Keywords: basal ganglia, 11C‐raclopride positron emission tomography, non‐motor skill learning, probabilistic learning, procedural learning, weather prediction task
INTRODUCTION
Historically, declarative (explicit and conscious) and procedural (implicit and unconscious) forms of learning were considered to be based on two distinct memory systems, respectively, mediated by the medial temporal lobe (MTL) structures and the basal ganglia (Butters et al., 1985; Cohen and Squire, 1980; Knowlton et al., 1996a). These are now known to interact and act cooperatively or competitively during difference stages and conditions of learning (Foerde et al., 2006; Moody et al., 2004; Poldrack et al., 2001b, 1999; Seger and Cincotta, 2006; Wang et al., 2010).

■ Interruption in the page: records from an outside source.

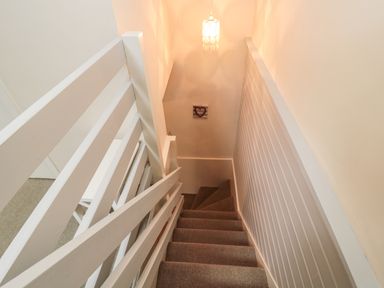 A carpeted staircase with white wooden railings and a hanging ceiling light at Robin Cottage in Morpeth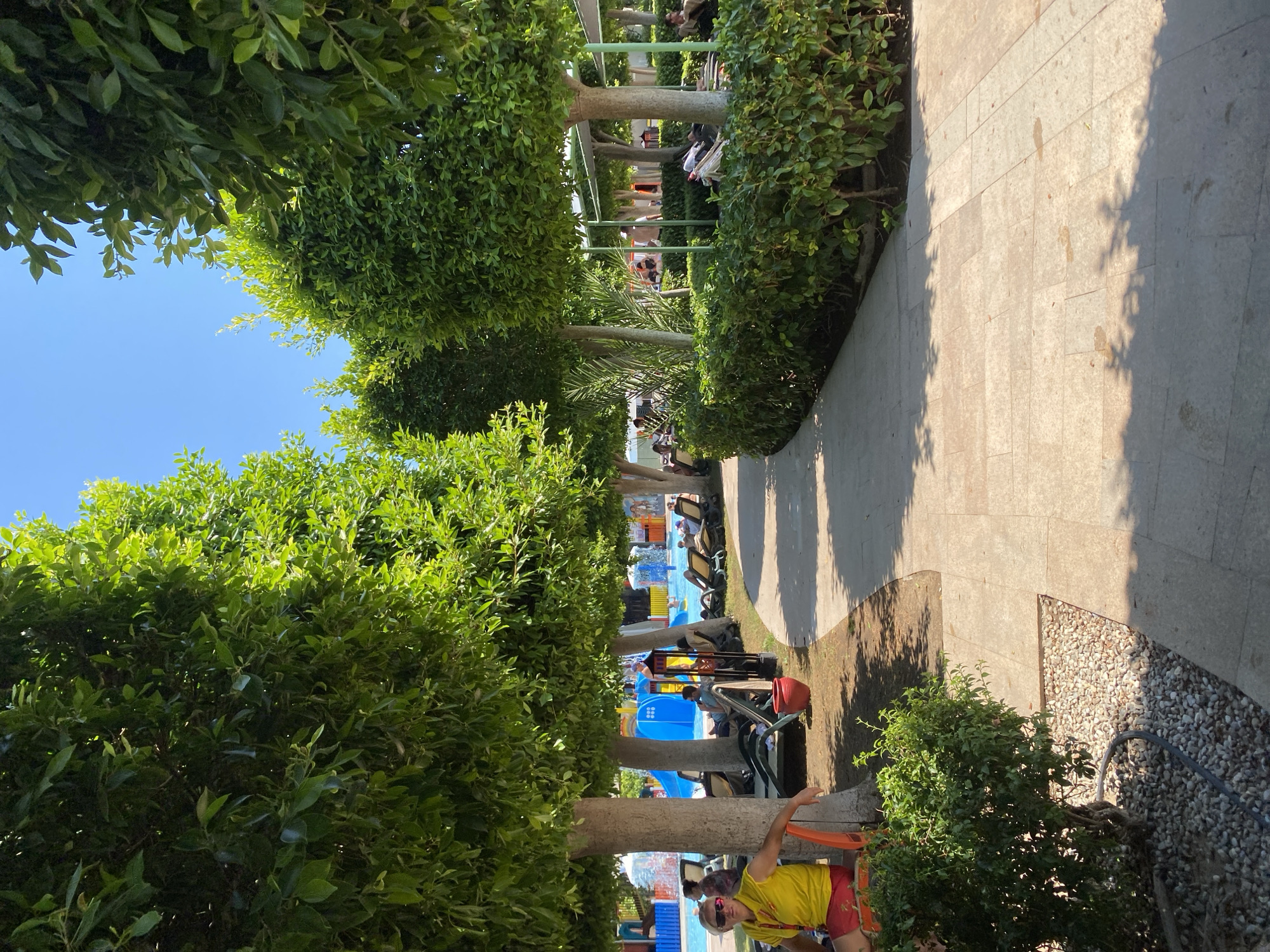 The image shows a sunlit outdoor area, likely a resort or water park, in Aksu, Turkey. Tall, manicured trees line a paved pathway that curves to the right. On the left, a person wearing a yellow shirt and red shorts, possibly a lifeguard, sits on an orange chair under a tree. Behind them, lounge chairs are set up on a grassy area, with people relaxing. In the background, a bright blue water slide and splash pool are visible, indicating recreational facilities. Lush green bushes form a dense hedge along the right side of the pathway. The sky is clear and blue.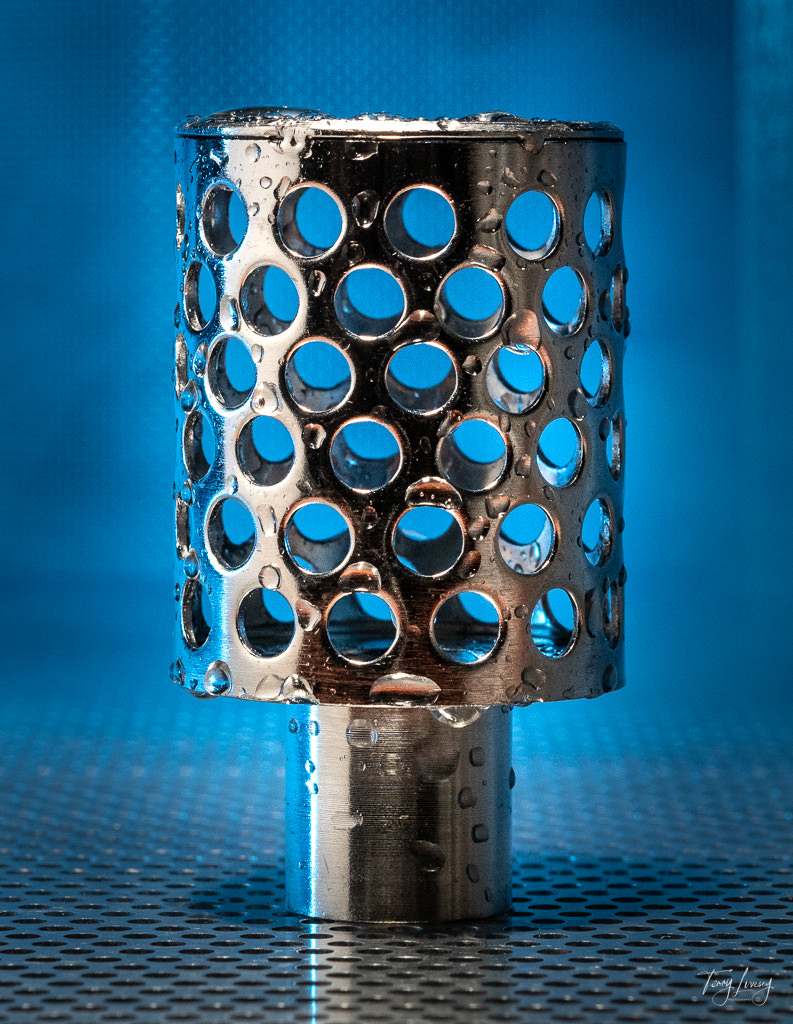 A sink trap with water on it, photographed with a blue background on steel.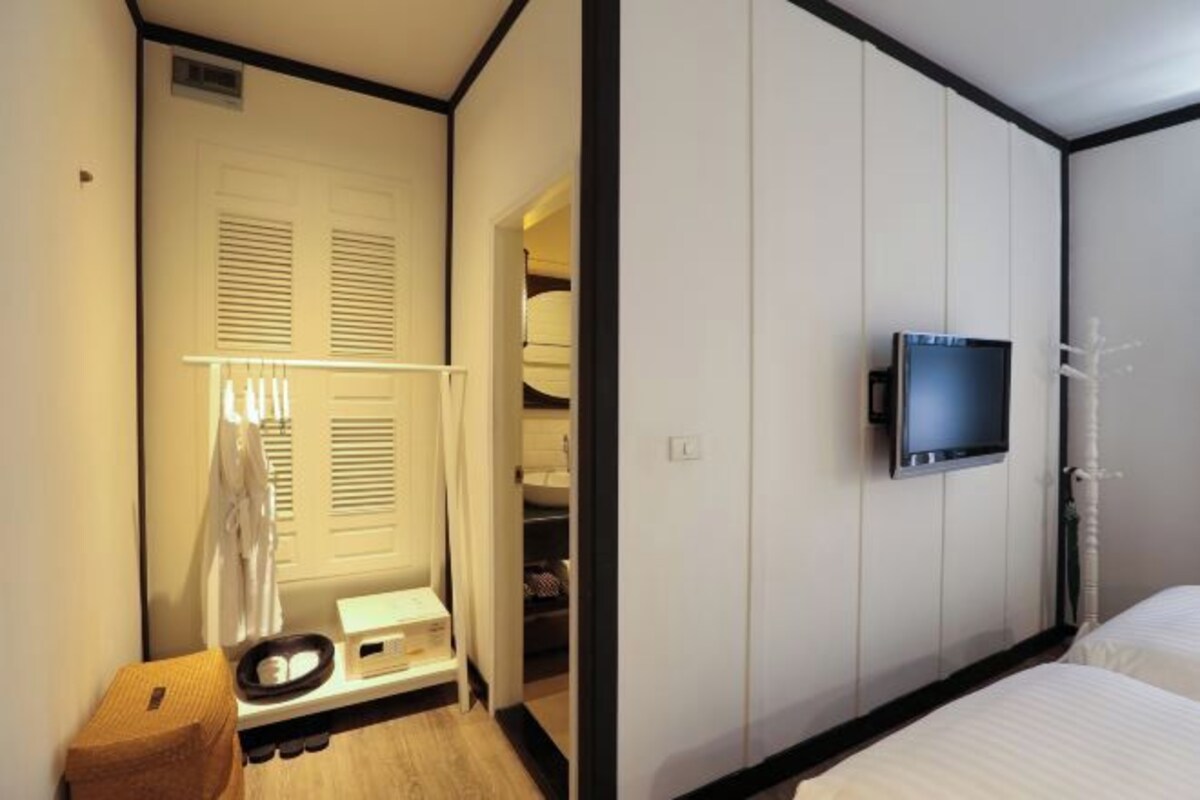 A hotel room with a bed, a television mounted on the wall, a closet with sliding doors, and a small stool.
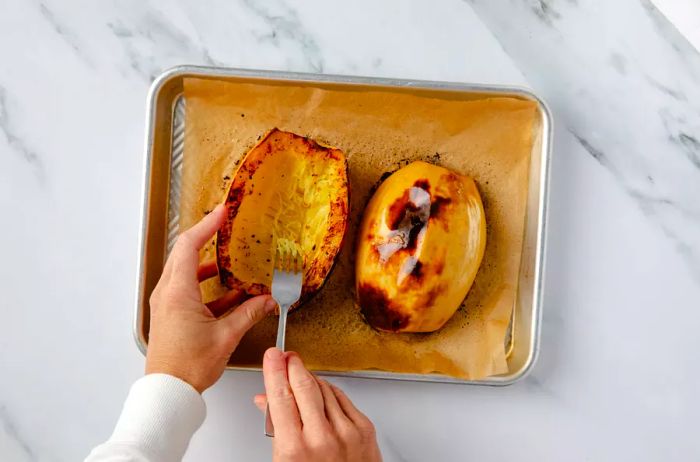 Scraping the roasted strands of spaghetti squash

One task that has been employed to study incidental learning in man is the weather prediction task (WPT), initially employed by Knowlton et al. (1994). The WPT is a probabilistic classification task involving incremental learning over many trials, also considered to occur without any explicit knowledge. On each trial, participants are presented with a particular arrangement of 1, 2, or 3 of 4 possible tarot cards (Fig. 1), each of which shows a different pattern (e.g., squares, diamonds, circles, or triangles). Participants are required to use the cards presented on each trial to predict a binary outcome: whether the weather will be rainy or fine. Each of the four cards is independently associated with the two possible outcomes with a fixed probability, and overall the outcomes occur with equal frequency. For example, the squares, diamonds, circles and triangles, respectively, predict the outcome ‘fine’ with a fixed probability of 0.2, 0.4, 0.6, and 0.8. Typically, participants perform around 200 trials of the WPT with corrective feedback (FB) on each trial. The feedback consists of a ‘thumbs up’ or ‘thumbs down’ message following correct and incorrect responses, respectively. By learning the independent cue‐outcome associations across trials, healthy participants can improve their predictive accuracy to well above chance across training trials on the WPT.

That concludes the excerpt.